Sorting Retrieved Data from SQL Databases
Date: Jun 18, 2004
Sample Chapter is provided courtesy of Sams.
In this lesson, you will learn how to use the SELECT statement's ORDER BY clause to sort retrieved data as needed.
Sorting Data
As you learned in the last lesson, the following SQL statement returns a single column from a database table. But look at the output. The data appears to be displayed in no particular order at all.
INPUT
SELECT prod_name FROM Products;
INPUT
prod_name -------------------- Fish bean bag toy Bird bean bag toy Rabbit bean bag toy 8 inch teddy bear 12 inch teddy bear 18 inch teddy bear Raggedy Ann King doll Queen doll
Actually, the retrieved data is not displayed in a mere random order.
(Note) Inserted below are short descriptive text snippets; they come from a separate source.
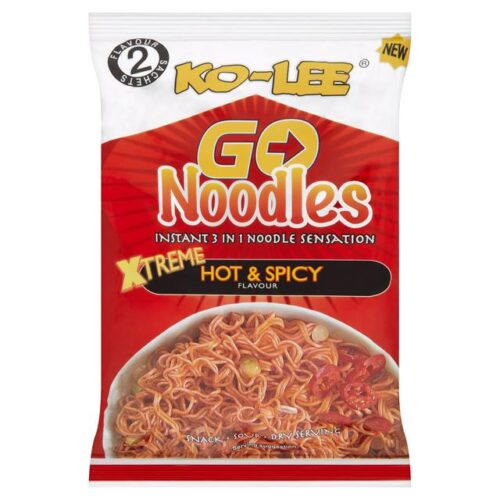 Mama Hot & Spicy Noodles 90G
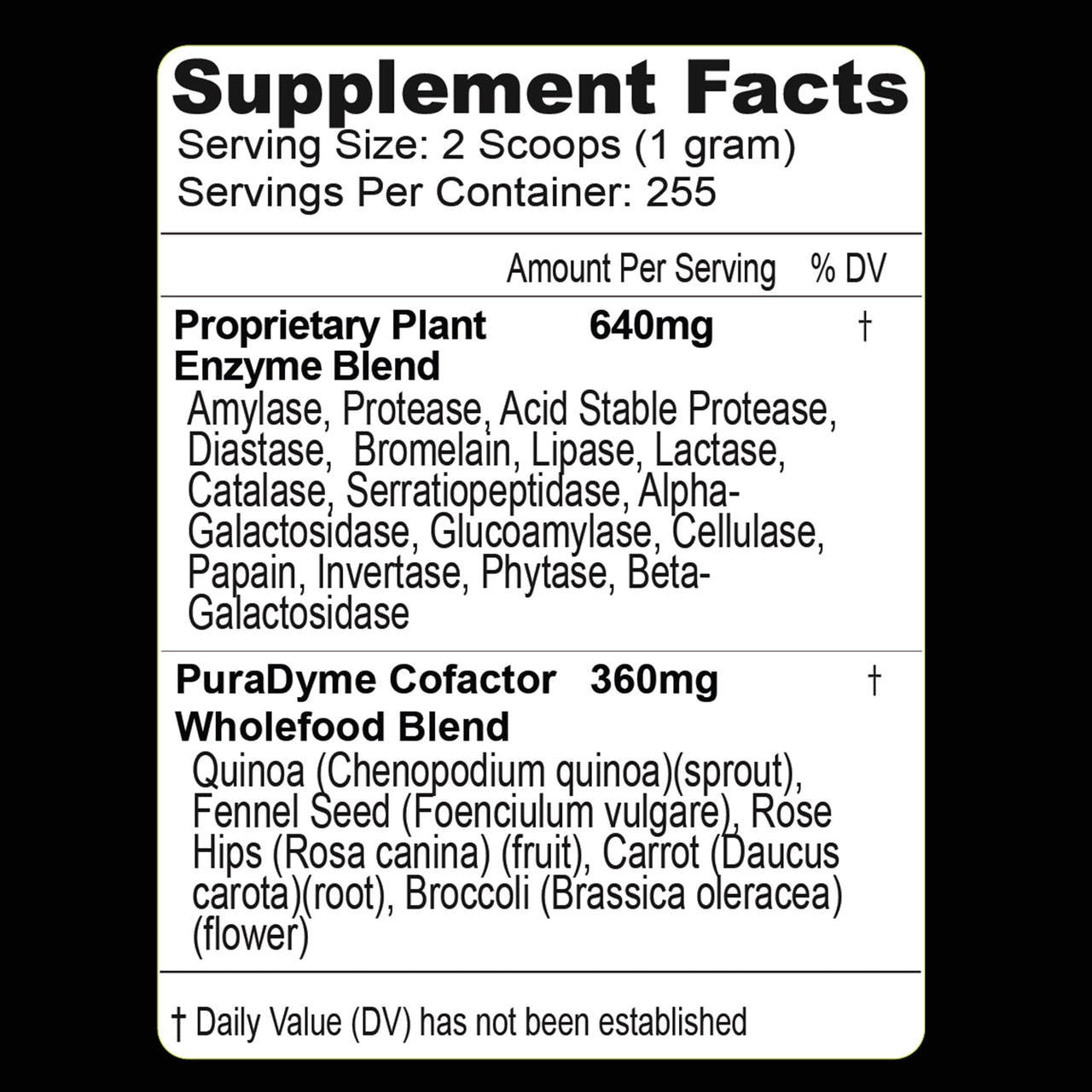 LiyfZyme 9oz Powder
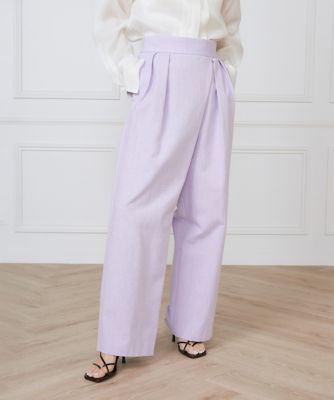 ラップパンツ《ｌａ　ｖｅｉｌｌｅ　ｂｙ　ＳＵＰＥＲＩＯＲ　ＣＬＯＳＥＴ》（７１５０１６１９０５）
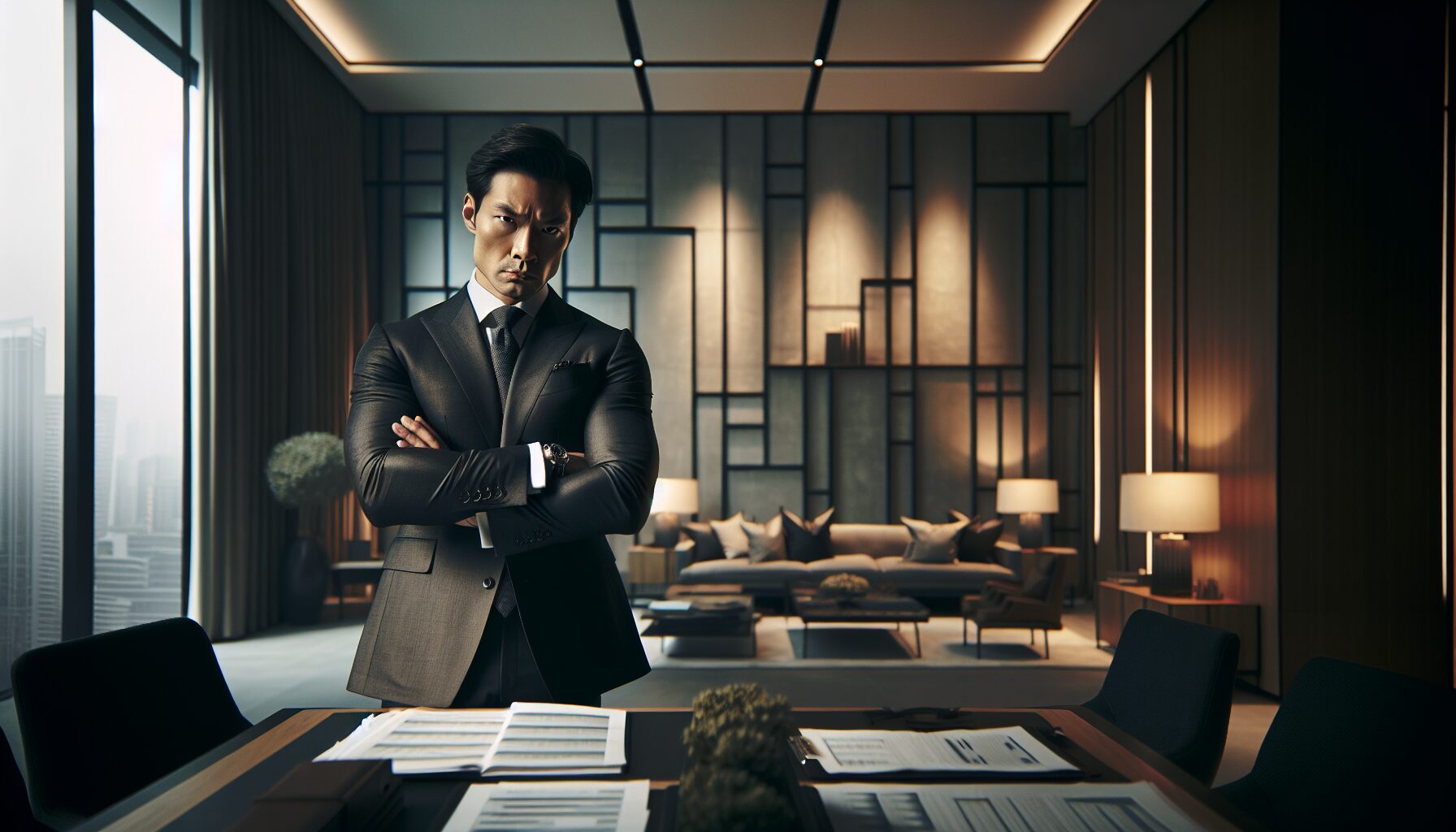 林更新飾演的陸既明展現複雜多面的霸總魅力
If unsorted, data will typically be displayed in the order in which it appears in the underlying tables. This could be the order in which the data was added to the tables initially. However, if data was subsequently updated or deleted, the order will be affected by how the DBMS reuses reclaimed storage space. The end result is that you cannot (and should not) rely on the sort order if you do not explicitly control it. Relational database design theory states that the sequence of retrieved data cannot be assumed to have significance if ordering was not explicitly specified.
Clause SQL statements are made up of clauses, some required and some optional. A clause usually consists of a keyword and supplied data. An example of this is the SELECT statement's FROM clause, which you saw in the last lesson.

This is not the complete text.